Draper, a sociable and affable party activist from Lancashire, had been an influential Labour operator in the 1990s and co-founded the Blairite pressure group Progress. He also served as an adviser to senior party figures including Nick Brown and Lord Peter Mandelson. 

After the 1997 election, in which Blair won a landslide majority, Draper was juggling a job at a lobbying company with media work for the Modern Review magazine, Daily Express newspaper and Talk Radio.

In 1998 he was caught up in the “Lobbygate” scandal, in which he was recorded by an undercover reporter from The Observer newspaper speaking about his ability to access senior Labour ministers.

“There are 17 people who count in this government . . . to say I am intimate with every one of them is the understatement of the century,” Draper said in the recording.

He subsequently retrained as a psychotherapist, but did not let go of politics altogether.
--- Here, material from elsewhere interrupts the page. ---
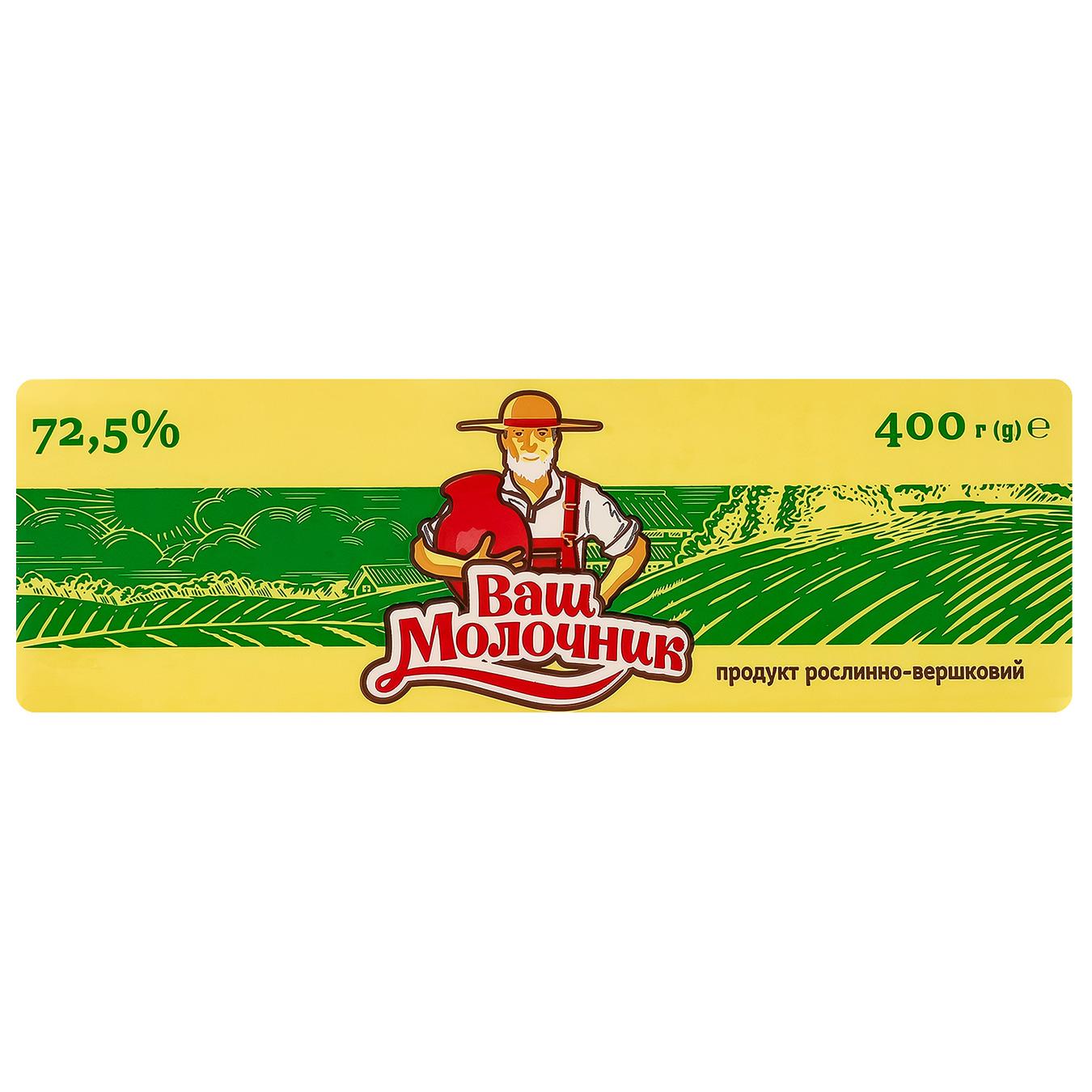 Продукт рослинно-вершковий Ваш Молочник 72,5% 400г — фото продукту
In 2009 he set up the LabourList website.

But Draper was soon caught up in a fresh row following media reports that he had received emails from Damian McBride, spin-doctor to then prime minister Gordon Brown, drawing up a plot to smear Conservative politicians.

Draper, who told McBride in an email that the plan was “brilliant”, was forced to make a public apology. He quit LabourList shortly afterwards.

Gordon Brown, who succeeded Blair as prime minister, said it was “so sad” that Draper had lost his life as a result of Covid, adding: “I will remember him as brilliant, creative and multitalented.”

Alastair Campbell, former Labour director of communications, said on X that Draper “was a huge character, a giver not a taker, and had so much more to give before Covid took its toll”.

Three years ago Garraway, who married Draper in 2005, made a prizewinning documentary, Finding Derek, about her husband’s illness and its impact on her and their two children.

“Derek was surrounded by his family in his final days and I was by his side holding his hand throughout the last long hours and when he passed,” Garraway said on Friday. 

She also paid tribute to the medical teams “who fought so hard to save him and to make his final moments as comfortable and dignified as possible”.